Within the harsh competition of institutional reform among countries, those who succeed in developing the administration engineering for an institutional design will be the winners in the next decade.

'Market failure' is often pointed out. However, most 'Market failure' is actually
the failure of an institution rather than the failure of the market. Let me take solutions to environmental problems, which are often considered as market failures, as an example.

'Leave everything to the market' means 'leave everything to the independent choice of individuals.'  Even though a whole nation believes unanimously that environmental protection is important, it will be difficult to achieve a good result by leaving solutions to environmental problems to the market without preparing an institution to create incentives for environmental protection. In such a situation, as costs deriving from environmental protection become handicaps in competition unless they are guaranteed by institutions, those who try to benefit by avoiding costs would emerge. Because it is natural under such concerns that no one would bear costs to protect the environment. An effort to solve problems by moralistic argument without preparing a rigorous institution might result in a situation where only the honest and obedient become losers.

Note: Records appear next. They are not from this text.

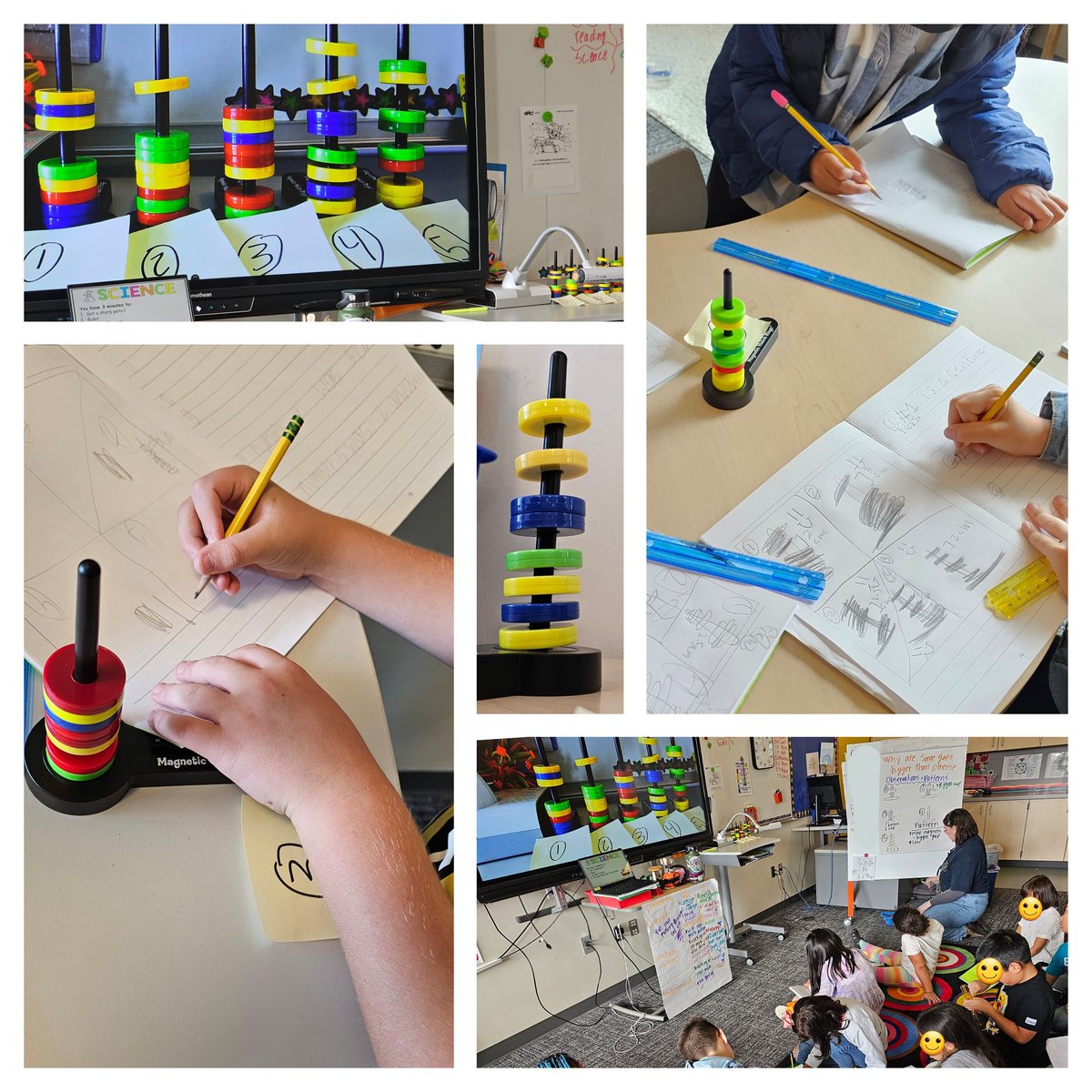 3rd graders @SartoriSTEM are learning about noncontact forces. Recently, students made & compared various configurations on magnet toys, measured gap size & explained why gap sizes would vary. Up next: Use this conclusion to figure out configuration to launch top magnet highest!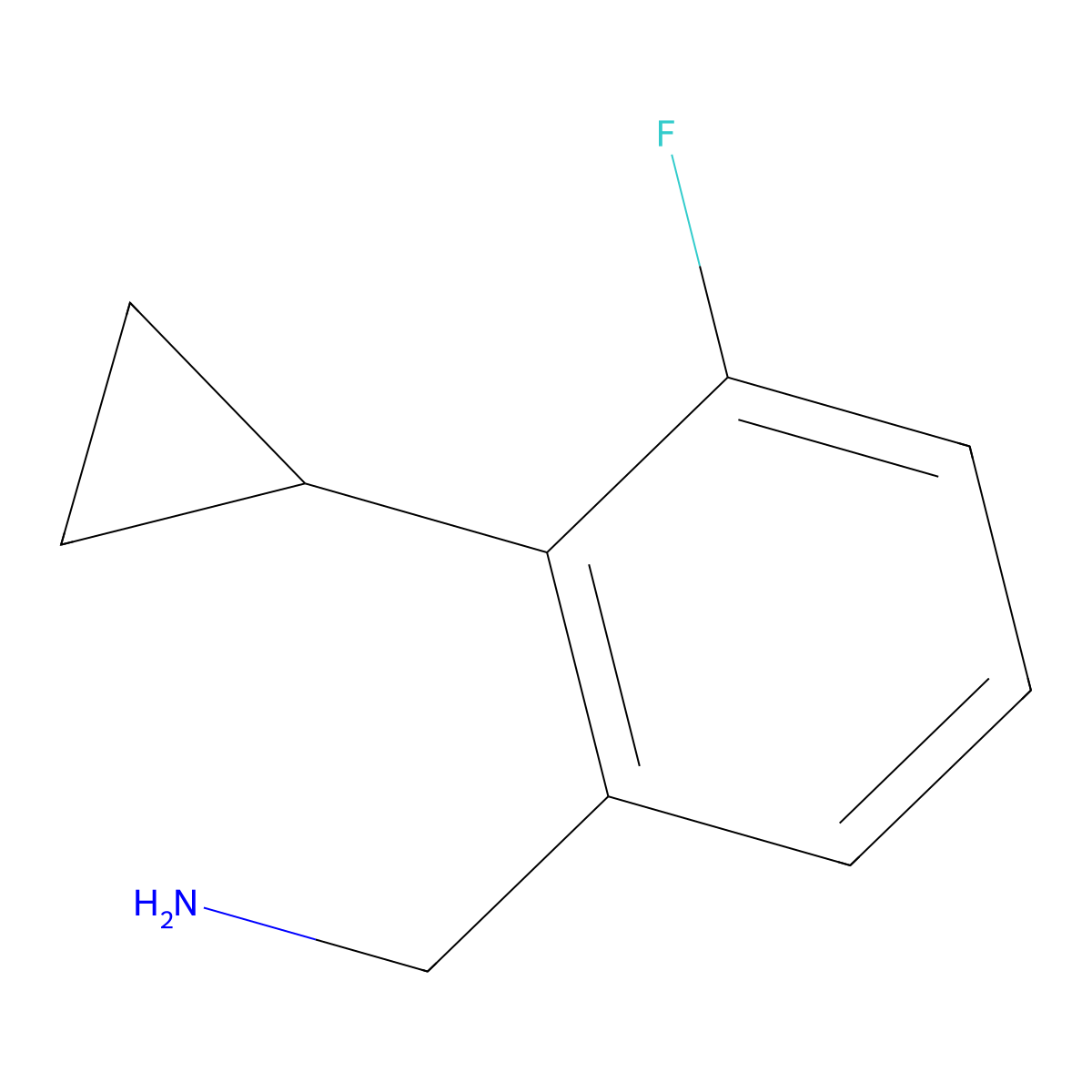1-(2-Cyclopropyl-3-fluorophenyl)methanamine molecular structure, CAS 2639410-20-9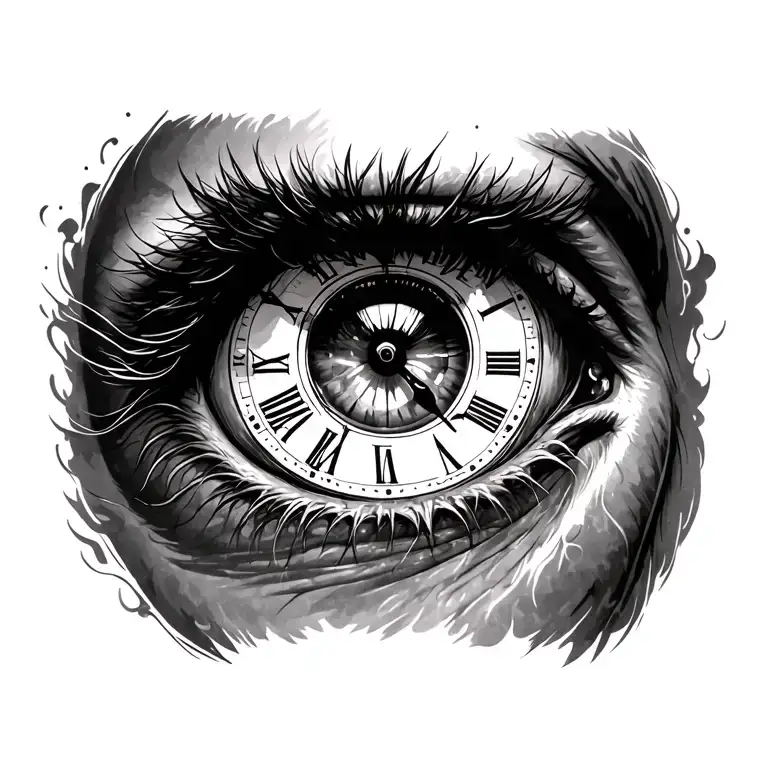 Man Right Eye With Clock In The Puppil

The reason the market is not oriented toward environmental protection despite unanimous support for protection, is in this case, not because there is a problem in market functioning but because no offering incentives to environmental protection is built in the market.

If market performance changes according to institutions, it is reasonable to consider
that institutions should be reformed to achieve a good performance. The importance of institutions has been recognized ever since it was argued by Adam Smith. However, to my surprise, many economists -with few exceptions like Hurwicz-have been skeptical toward institutional design. This is despite the fact that many institutions, like laws and the in-house rules of companies -- with the exception of customs and other voluntary institutions -- have been developed intentionally. If we have to prepare rules to be observed by human society through laws and other means in any case, we should prepare them only after thorough examination of chains of incentives from the society and the organization levels to the individual level.

Of course, it is generally difficult to judge the root cause of a certain economic
phenomenon in the actual economy and to prescribe effective actions with appropriate incentives. (For example, it is difficult to make a judgement from the actual bubble phenomenon whether the emergence of the bubble economy was due to a lack of information or other elements, whether the emergence of the bubble economy can be avoided through certain types of regulation, etc.) However, with the advance of theories such as game theory and auction theory, experiments that were traditionally considered available only in the sphere of the natural sciences have now become also available in economics. Such methods are becoming applicable to institutional design. We are now being ushered into the age of the birth of a new engineering which can be called  'administration engineering' or 'institutional engineering', named after the recently popular 'financial engineering'.

Paradoxically the more the market takes over social decision making from the government
due to deregulation, the more important institutional design of the market will become a governmental task. Regardless of efforts on the company level as well as on the individual level, such effort will not bear fruit as long as the institutional system of a nation causes inefficiency and inequality. State-of-the-art theories and experiments are applied to designs for airplanes or large-scale bridges as a matter of course. State-of-the-art theories and experiments should be freely used for an institutional design as well, to realize the best possible achievement down to the details. We have now been ushered into such age.

With the advance of globalization, the time has come for companies to choose countries.
In such a situation, governments and people that cannot choose countries to belong to cannot but develop good institutions. It is expected that international competition in the future will increasingly lead to institutional competition among countries. Hoping for new developments in Japan, I anticipate progress in administration engineering.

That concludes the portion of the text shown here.